Gov. Mike Pence announced his plans for the state’s budget Thursday. The education funding is planned to be distributed between various grants ?administered by the state.
“This is an education budget,” Pence said in a press release. “It puts Hoosiers first, continues Indiana on a pathway to prosperity, and funds our priority of expanding educational opportunities for all our kids, from pre-K and K-12 to higher education and into the adult workforce.”
Many of the programs are Republican-supported or created under Pence.
The most funded program is the Teacher Performance Grant, which will receive $63 million in the next two years. Schools that earned certain Indiana Statewide Testing for Educational Progress Plus assessment scores or had increased graduation rates qualified for the grant. The first distribution of these awards was done last month.
Charter schools will also receive an increase grant of $1,500 per student. The school of choice’s scholarship organization receives a maximum $12.5 million tax credit.

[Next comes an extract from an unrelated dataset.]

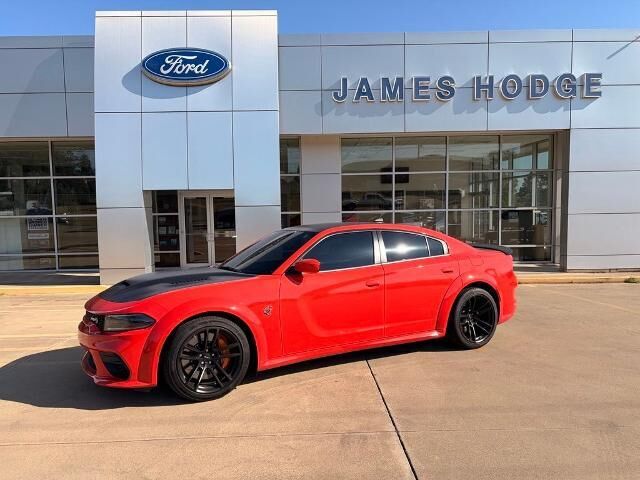 2022 Dodge Charger SRT Hellcat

Pence’s new pre-K pilot program will receive $20 million throughout the next two years. The program awards grants to 4-year-old children who need financial assistance to attend school prior to kindergarten. Pence recently rejected federal funding for pre-school programs.
The entire budget is an increase of 1.34 percent. According to the press release, this number is below the rate of inflation, which is 2.06 percent over 10 years.
The budget did not leave any debt, according to the release.
Pence said the budget he proposed was honestly balanced.